Flautas: These are actually similar to their U.S. counterparts – a corn tortilla, filled with potato, bean, cheese or meat, rolled up and deep fried for a crunchy, delicious treat.
3 large, filling flautas cost MX$15 /US $1.20

Tlayudas: The pronunciation is as difficult as it looks, but preparing these Mexican street food treats is as simple as pie. A 12-inch long oval-shaped super thin and crunchy blue-corn tortilla is topped with beans, spicy poblano pepper slices (called rajas), loads of cilantro and a mild green salsa on top.
1 for MX $15/US $1.20

A quintessential Mexican street food. Cornmeal stuffed with corn or beef wrapped in corn husks and steamed.

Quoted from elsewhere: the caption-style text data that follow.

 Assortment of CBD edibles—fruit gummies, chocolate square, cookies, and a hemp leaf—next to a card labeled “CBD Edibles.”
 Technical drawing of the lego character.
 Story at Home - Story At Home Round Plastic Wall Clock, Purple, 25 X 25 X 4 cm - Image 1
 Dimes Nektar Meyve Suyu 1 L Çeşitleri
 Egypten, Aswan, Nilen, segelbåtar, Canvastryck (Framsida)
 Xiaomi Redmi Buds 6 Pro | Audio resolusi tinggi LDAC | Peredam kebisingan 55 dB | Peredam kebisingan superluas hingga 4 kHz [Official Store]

Unfortunately, they’re often not vegetarian.
2 for MX$8/US $0.65

Quesadillas: Rather than the large flour tortillas filled with cheese and sliced like a pizza, these are more like larger tacos stuffed with veggies and/or meat and only a moderate amount of cheese. Dani discovered Flor de Calabaza quesadillas in Mexico City, which are stuffed with beautiful, edible, yellow squash flowers.
1 for MX$7/US $0.70

Elote: Corn on the cob, cooked on the grill and preferably doused with Mayonnaise, chilli, lime juice and parmesan-like white powder cheese, is another classic Mexican street food staple. The unhealthiest, tastiest corn on the cob on the block costs around MX$12/US$1.

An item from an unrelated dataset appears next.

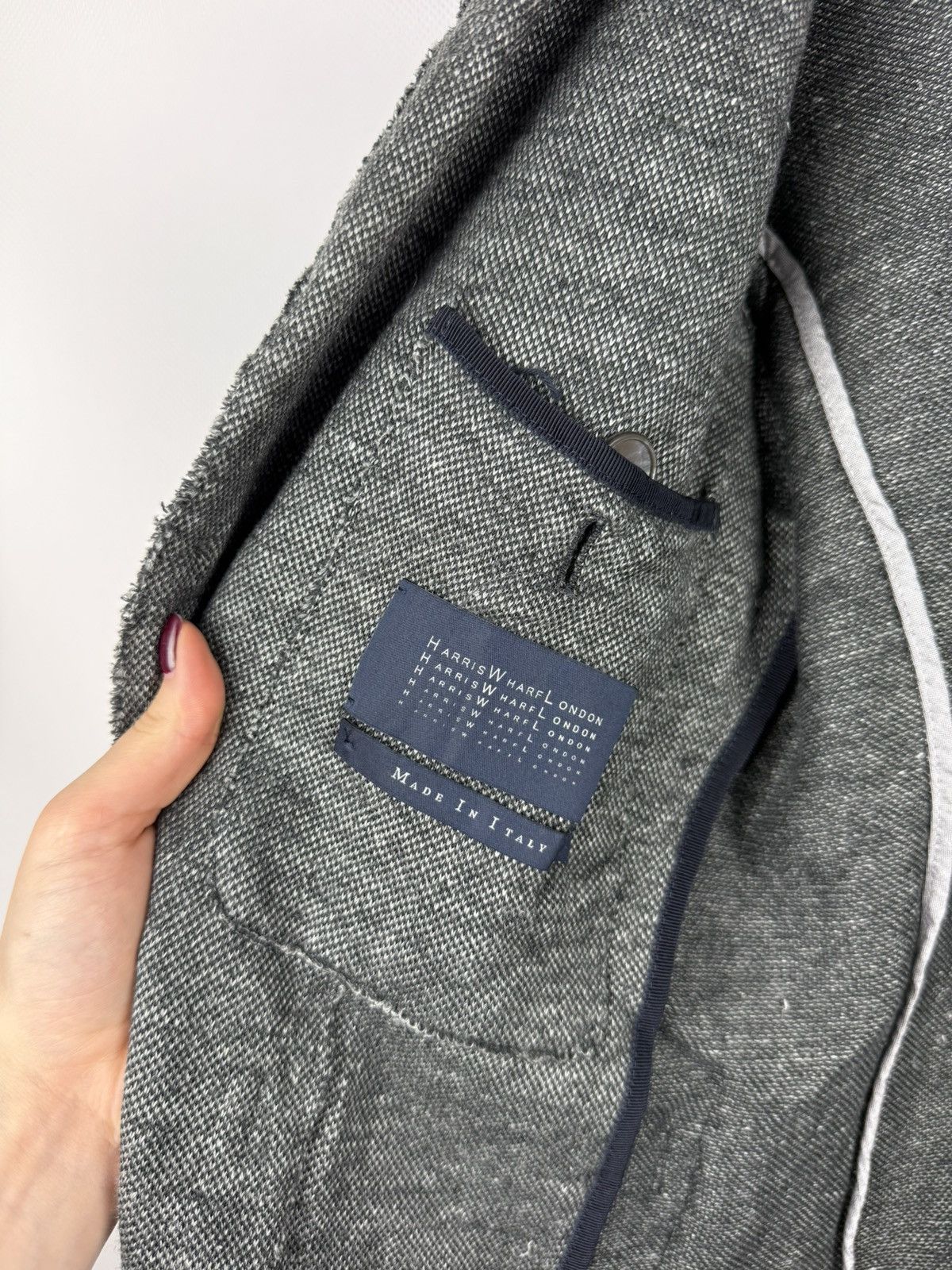 Harris Wharf London Harris Wharf London Cotton / Linen Unlined Blazer Jacket Size 38R - 18 Thumbnail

Escuite: This is exactly the same as the Elote described above, but corn kernels are removed and put into a cup and mayo, chili, lime juice etc is added on top.
1 for MX$12/US $1

Chalupas: Nothing like the Taco Bell version, these are tiny little silver dollar pancake sized tortillas, fried in butter/oil with red or green hot sauce and a sprinkle of cheese on top.
5 for MX$15/US $1.20

Mexican street food

Tortas: We have saved the best for last. Mexicans have been given many gifts, but one of the most remarkable is the ability to fit so many delicious ingredients onto a roll. Mexican tortas, or sandwich rolls, fit enough to impress even Shaggy and Scooby Doo. Cheese, lettuce, tomato, an entire omelette, as many deli slices of meat as you like, bacon, avocado, mayo, you name it, and you can have it on a torta for MX$24 / US$2.

Mexican street food
We have yet to begin seriously sampling Guatemalan street food, but from what we have sampled so far – tostadas, pupusas and fried plaintains stuffed with black beans – we might find a love for the street food here by the end of our time here as well.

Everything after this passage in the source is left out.